Source data —
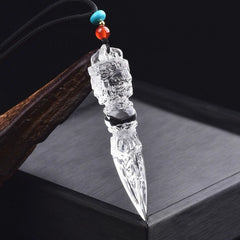 Tibetan Style Clear Quartz Vajra Dorje Pendant – Hand-Carved Phurba Amulet for Energy Healing & Esoteric Protection
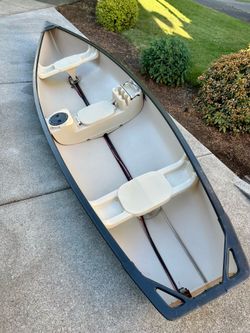 Old Town Rogue River 15.4’ Flat Back Canoe  with EnduraMax 55lb thrust trolling motor– Meticulous/Pre-Wired – Perfect Father’s Day Gift!
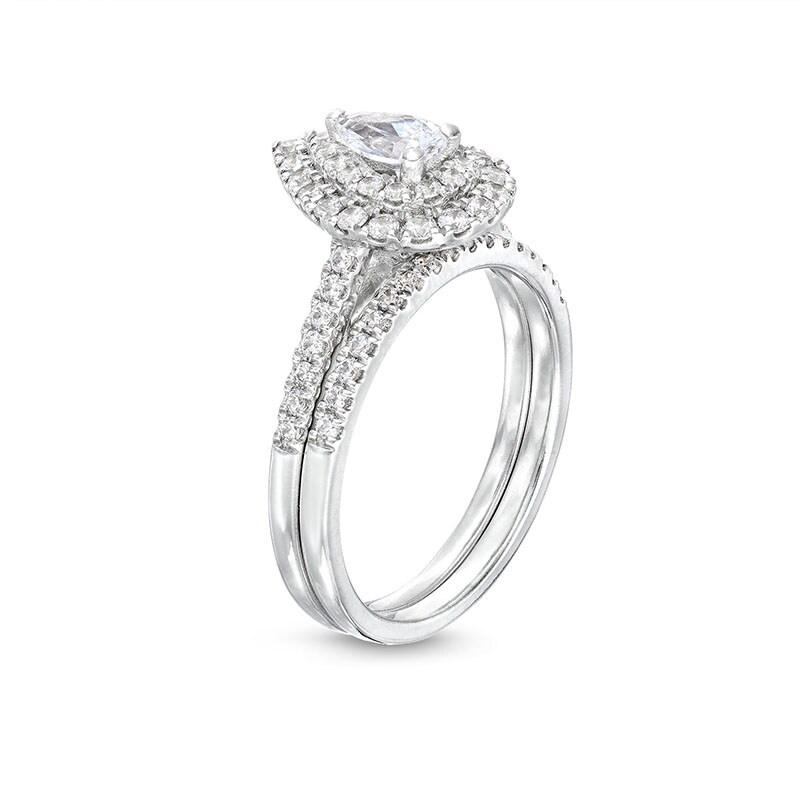 Main Image 3 of Previously Owned - 1 CT. T.W. Pear-Shaped Diamond Frame Bridal Set in 14K White Gold (I/I1)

Task objective — The aim is an exact repeat of the entire listing, stripped of pictures.

Solution —
 Tibetan Style Clear Quartz Vajra Dorje Pendant – Hand-Carved Phurba Amulet for Energy Healing & Esoteric Protection
 Old Town Rogue River 15.4’ Flat Back Canoe  with EnduraMax 55lb thrust trolling motor– Meticulous/Pre-Wired – Perfect Father’s Day Gift!
 Main Image 3 of Previously Owned - 1 CT. T.W. Pear-Shaped Diamond Frame Bridal Set in 14K White Gold (I/I1)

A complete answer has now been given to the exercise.